Summary Table: Key Applications and Findings

Most citations regarding clone IB4 concern the use of Isolectin B4 as a neuroscientific tool and as a cell selection molecule in biotechnology. Recent studies emphasize its power to isolate and manipulate subpopulations of neurons or non-human cells for research in pain, regeneration, and transplantation.

Dosing Regimens of Clone IB4 in Mouse Models: Current Evidence

Summary:
There is no direct evidence in the provided search results for the dosing regimen of clone IB4 (anti-CD18) in mouse models. The available data primarily detail dosing for other monoclonal antibodies, such as anti-CTLA-4 (clones 9H10 and 9D9), anti-CD4 (GK1.5), anti-CD8 (2.43), and anti-Gr-1 (RB6-8C5). No information is provided for IB4 specifically, nor is there literature cited regarding its in vivo use, administration route, schedule, or dose-response in different mouse models.

What Is Known About IB4

• IB4 is an anti-CD18 monoclonal antibody, primarily used to block the binding of ICAM-1 and ICAM-3 to LFA-1 in vitro, such as in FACS analysis of human cells.
• There is no indication in the search results of its in vivo use in mice, let alone variations in dosing regimens across different mouse models.

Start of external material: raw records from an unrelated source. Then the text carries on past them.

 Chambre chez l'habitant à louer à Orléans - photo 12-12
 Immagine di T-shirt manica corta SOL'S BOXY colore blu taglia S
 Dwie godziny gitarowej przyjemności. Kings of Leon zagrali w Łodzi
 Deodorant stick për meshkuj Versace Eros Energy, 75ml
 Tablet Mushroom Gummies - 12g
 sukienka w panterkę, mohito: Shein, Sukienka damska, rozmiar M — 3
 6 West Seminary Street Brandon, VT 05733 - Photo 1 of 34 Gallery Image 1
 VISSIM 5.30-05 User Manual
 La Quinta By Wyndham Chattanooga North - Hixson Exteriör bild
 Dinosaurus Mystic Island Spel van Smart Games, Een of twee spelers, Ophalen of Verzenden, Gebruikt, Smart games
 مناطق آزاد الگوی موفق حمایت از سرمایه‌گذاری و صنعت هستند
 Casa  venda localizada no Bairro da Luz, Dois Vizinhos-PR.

Reference Dosing Regimens for Other Monoclonal Antibodies

While not directly relevant to IB4, it is worth noting how dosing regimens for other monoclonal antibodies are commonly described in the literature:

• Dose ranges for immune-modulating antibodies (e.g., anti-CTLA-4, anti-CD4, anti-CD8) typically fall between 100–250 μg per mouse, administered intraperitoneally.
• Dosing schedules are often every 2–3 days or every 3 days, depending on the antibody and experimental objective.
• Model-specific adjustments may be necessary due to differences in tumor biology, immune status, or genetic background of the mice.

Conclusion

There is no published information in the provided search results about the dosing regimen of clone IB4 in mouse models. Researchers interested in using IB4 in vivo should consult primary research articles, product sheets, or directly contact the supplier for guidance on in vivo use, potential toxicity, and optimal dosing. Any in vivo use of IB4 should be carefully validated empirically, with close monitoring of animal welfare and experimental outcomes, as dosing regimens for monoclonal antibodies can vary significantly depending on the target, antibody isotype, and experimental model.